- Tap into the public OPML directories.
- Expect the public OML directories to all be in slightly different flavors of OPML.
- Regularly revise and test your regex's if you use a regex based OPML parser. We've never been comfortable with any of the public OPML parsing libraries so we rolled a regex parser and use it regularly while often griping about it. ;-)
- Don't expect sites like Odeo to support a public, parseable directory. Understanding their URL syntax tho will go a long way.
- Expect that lots of things won't appear in any directory. I just finished writing a "Deep Discovery" tool that utilizes our database of 17 million plus feed urls and scans it for podcasts. Right now its added another 500 podcasts (which doesn't sound like a lot but when your base is 38,000 or so, its actually statistically significant) (oh and its still running). (Up to 640 more feeds since I started this post)
- Realize that there are lots of non-US podcasting sites.
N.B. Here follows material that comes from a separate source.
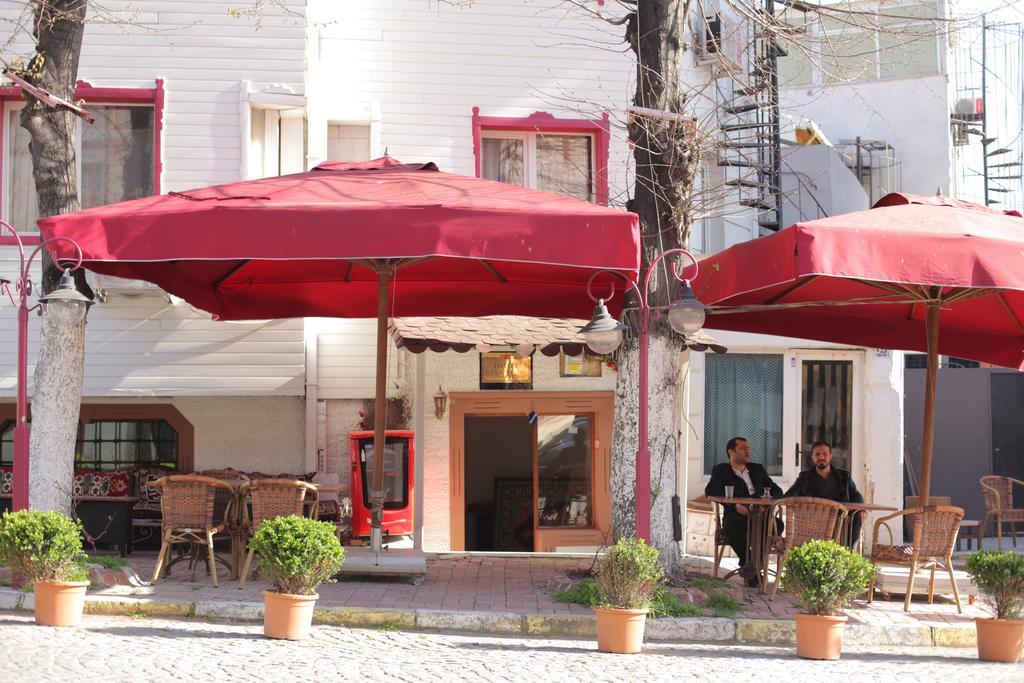 Rose Bouquets Hotel Istanbul Eksteriør billede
We've even found podcasting in russian.
- Realize that people may consider themselves podcasters but never have encountered an enclosure tag in their lives. I don't want to name names but this was very, very surprising to me.
- Subscription and Metadata standards are confused. Things like the iTunes metadata extensions (example feed using them) versus the iTunes pcast files and the pcast:// psuedo urls.
Right now implementing podcast search is a lot like implementing blog search was when we started Feedster -- confused and emergent. You'll have to do a rat load of work you don't want to and don't feel should be necessary. But, in the end*, it'll be worth it.
*there can be only one. *Insert Geek Pop Culture Referential Chuckle Here*